Chris Hadfield is one of the most accomplished astronauts in the world. In May 2013, he returned to Earth after serving as Commander of the International Space Station, where he and his crew lived for five months. In the first half, he discussed his journeys as an astronaut and how thinking like an astronaut completely changed his perception of life on Earth. He shared his amazing view of Earth from a spacewalk: "You're going around the world every 90 minutes...It's this gigantic silent incredible kaleidoscope, magnificently...turning underneath you...It's as if you were standing at Niagara Falls, right at the foot of it, and there wasn't a sound. It's all visual...and you're also weightless...which is almost like a superpower feeling. And when you look in the other direction, you're in the three-dimensionality of the universe itself."
Hadfield explained that he and the crew were kept quite busy on the space station (about the size of a football field), which has never-ending maintenance tasks and occasional emergencies to contend with. He had to devote a couple of hours each day to exercising-- ISS astronauts are typically very wobbly when they come back from space-- it took him a full year and a half for his normal level of bone density to return. While aboard the station, he also found time to create music and play the guitar. His video version of "A Space Oddity," as he floats aboard the ISS, has been viewed over 44 million times.

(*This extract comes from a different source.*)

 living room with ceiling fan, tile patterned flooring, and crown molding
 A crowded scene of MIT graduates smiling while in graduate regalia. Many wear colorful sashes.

Retired professor at the University of Calgary, Carmen Boulter has used her past life recall as a child to seek physical evidence for her visions of temples and pyramids. A year ago, she announced the discovery of an intact tomb in Jordan, three-stories in height and filled with gold and treasures from Alexander the Great, and possibly one-third of the lost library of Alexandria. "There's also 18 sarcophagi," she said, and the singular gold one might contain the remains of Cleopatra. Yet, she lamented, the King of Jordan has halted any further news or disclosures about the incredible find.
Boulter talked about how patriarchal or male rule has been a failed experiment over the millennia and that predynastic cultures in Egypt, and other ancient locales had more peaceable and cooperative societies built around a matriarchy and female goddesses. She has visited sacred sites like the Sphinx, and many of the chambers and passages are blocked from exploration. Boulter has noted a trend of "oppositionalism" around some of these sites, where authority figures try to deflect or obscure new revelations or accurate information about discoveries. She recounted the intriguing results of geo-scans done at Hawara, Egypt, which showed four distinct layers from separate time periods, including the Ptolemaic and Greco-Roman.